Task instructions: The response should contain only the line with "this 536×849 image." and every line after it to the end of the listing below, duplicated exactly; no picture belongs in it.

___

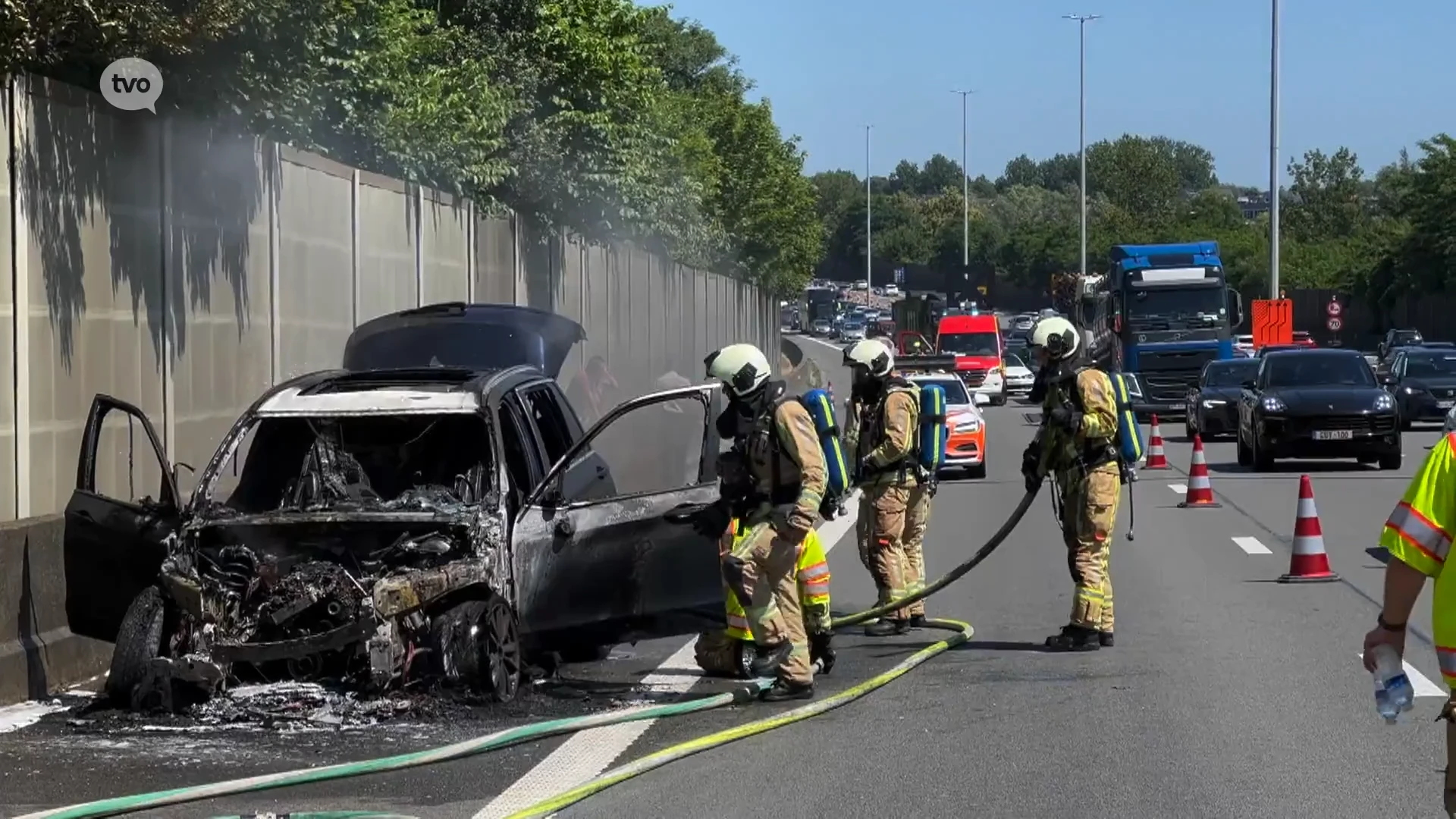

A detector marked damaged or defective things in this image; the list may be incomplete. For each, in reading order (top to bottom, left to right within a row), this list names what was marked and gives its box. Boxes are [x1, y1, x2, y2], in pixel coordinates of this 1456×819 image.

burned-out car [67, 303, 728, 707]
charred hood [341, 302, 585, 376]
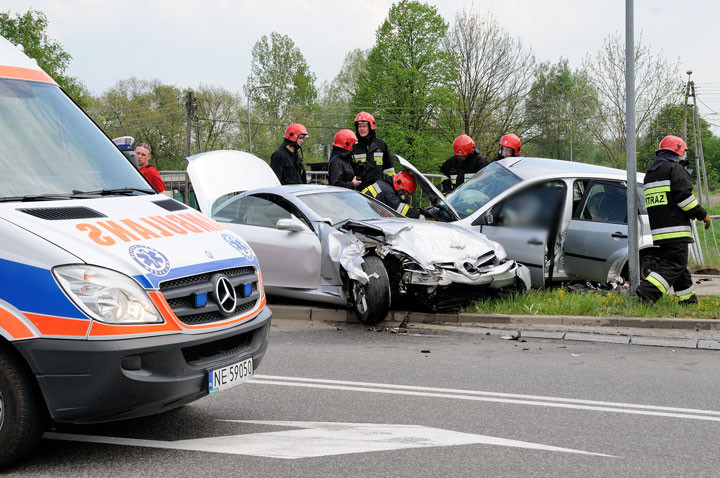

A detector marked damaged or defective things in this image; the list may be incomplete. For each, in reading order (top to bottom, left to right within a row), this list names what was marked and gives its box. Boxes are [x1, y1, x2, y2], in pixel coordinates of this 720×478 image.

broken windshield [0, 78, 148, 198]
crumpled hood [0, 193, 258, 288]
crashed silver car [181, 151, 528, 324]
damaged mercedes [183, 151, 532, 324]
broken windshield [448, 162, 520, 219]
crashed silver car [402, 157, 656, 288]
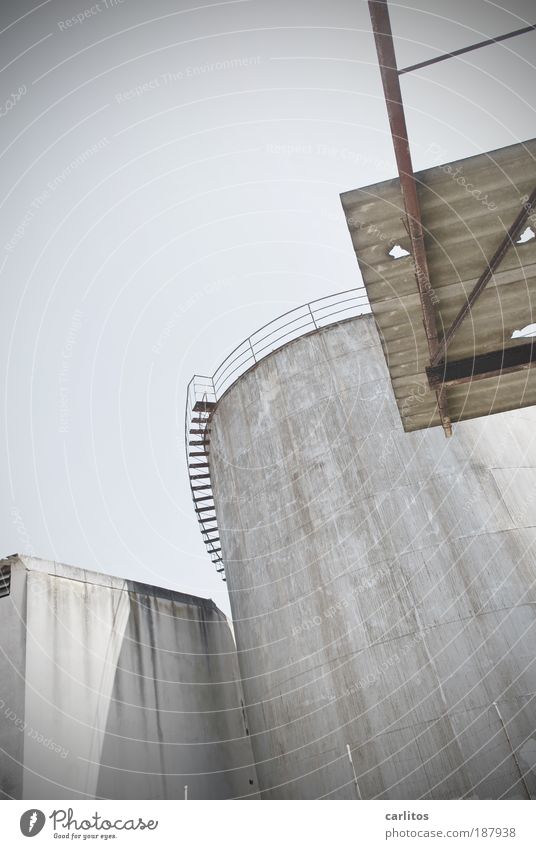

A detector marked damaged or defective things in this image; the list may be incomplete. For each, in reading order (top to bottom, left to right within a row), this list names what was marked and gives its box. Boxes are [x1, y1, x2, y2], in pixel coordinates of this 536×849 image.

rusty steel beam [398, 23, 536, 76]
rusty steel beam [368, 0, 452, 438]
rusty steel beam [432, 186, 536, 364]
rusty steel beam [428, 342, 536, 388]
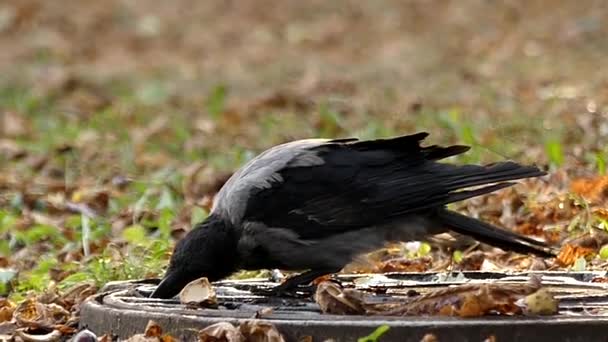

___

Answer box:
A detector marked damaged or defective things in this image; the list may be incomplete. For each, in reading order (top to bottom, left to right within a row), this list names what was marked and gives its box. Boxes are [x1, y1, x2, y2], in pixel coordinates of this 536×849 image.

rusty steel beam [398, 23, 536, 76]
rusty steel beam [368, 0, 452, 438]
rusty steel beam [432, 186, 536, 364]
rusty steel beam [428, 342, 536, 388]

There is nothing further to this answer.